Otra de las inquietudes, que se anticipan para el censo de 2020, debido a una reducción de fondos, es que habrá menos trabajadores de campo en la calle ayudando a la gente a llenar sus formularios.

Dita Katague, presidenta del comité nacional asesor en Raza, etnias y otras poblaciones del censo de Estados Unidos dijo que la meta es que cada uno de los californianos sea contado ya que en 2010, alrededor de 800,000 californianos no fueron incluidos y eso hizo que se perdieran miles de millones de dólares.

“No ganamos ni perdimos un asiento en el Congreso pero es mucho lo que está en juego en el censo para 2020. Para asegurarnos que la gente responda, necesitamos mensajeros confiables en las comunidades étnicas para crear conciencia pública y contar a todos”, consideró.

Ditas Katague, presidenta del Consejo Nacional Asesor sobre Raza, Etnias y otras poblaciones del Buró del Censo dijo que es importante que cada uno de los californianos sea contado en el 2020. (Araceli Martínez/La Opinión).
Ditas Katague, presidenta del Consejo Nacional Asesor sobre Raza, Etnias y otras poblaciones del Buró del Censo dijo que es importante que cada uno de los californianos sea contado en el 2020. (Araceli Martínez/La Opinión).

Desconfianza y apatía

Joely Proudfit, directora del Centro de Soberanía y Cultura Indígena de California de la Universidad Estatal de California en San Marcos dijo que entre las comunidades indígenas del país hay mucha desconfianza a ser contados.

“En el censo de 2010 hubo reservas indígenas que no se contaron. Es muy importante que se busquen voces confiables que sean parte de las comunidades para que la gente se convenza de que debe participar ”, subrayó.

El reverendo Samuel J. Casey dijo que también en la comunidad afroamericana hay mucha apatía a ser contados. “Es muy importante que se inviertan recursos en organizaciones de base para mover esa apatía y animarlos a dejarse contar”, mencionó.

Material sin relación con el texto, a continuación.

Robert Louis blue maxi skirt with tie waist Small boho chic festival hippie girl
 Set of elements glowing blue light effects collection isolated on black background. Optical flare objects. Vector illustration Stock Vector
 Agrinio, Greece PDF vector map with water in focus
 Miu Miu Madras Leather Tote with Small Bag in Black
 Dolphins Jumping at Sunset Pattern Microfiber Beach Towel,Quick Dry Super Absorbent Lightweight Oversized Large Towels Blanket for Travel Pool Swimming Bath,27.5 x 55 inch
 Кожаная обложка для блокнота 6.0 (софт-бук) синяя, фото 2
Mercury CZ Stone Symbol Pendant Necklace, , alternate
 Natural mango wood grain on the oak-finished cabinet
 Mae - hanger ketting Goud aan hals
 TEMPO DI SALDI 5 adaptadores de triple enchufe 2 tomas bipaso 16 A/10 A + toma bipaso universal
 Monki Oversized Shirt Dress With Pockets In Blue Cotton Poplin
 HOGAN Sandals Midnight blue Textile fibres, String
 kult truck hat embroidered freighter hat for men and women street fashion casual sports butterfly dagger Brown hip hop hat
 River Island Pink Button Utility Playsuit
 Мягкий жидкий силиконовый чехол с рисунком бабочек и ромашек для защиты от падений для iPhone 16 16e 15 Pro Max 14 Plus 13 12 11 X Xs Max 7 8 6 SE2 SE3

Stewart Kwoh, presidente fundador y director ejecutivo de la organización Asian Americans Advancing Justice de Los Ángeles dijo que el censo de 2020 será uno de los más duros porque la población inmigrante está muy asustada. “¿Quién va a hacerlos que confíen. Necesitamos mensajeros confiables porque en verdad no hay confianza”, subrayó.

Sandy Close, directora de New America Media, la organización de apoyo a los medios étnicos, dijo que el censo de 2020 trae la oportunidad de construir una coalición racial para que los diferentes grupos étnicos de California adquieran confianza, pierdan el miedo y no se queden sin ser contados.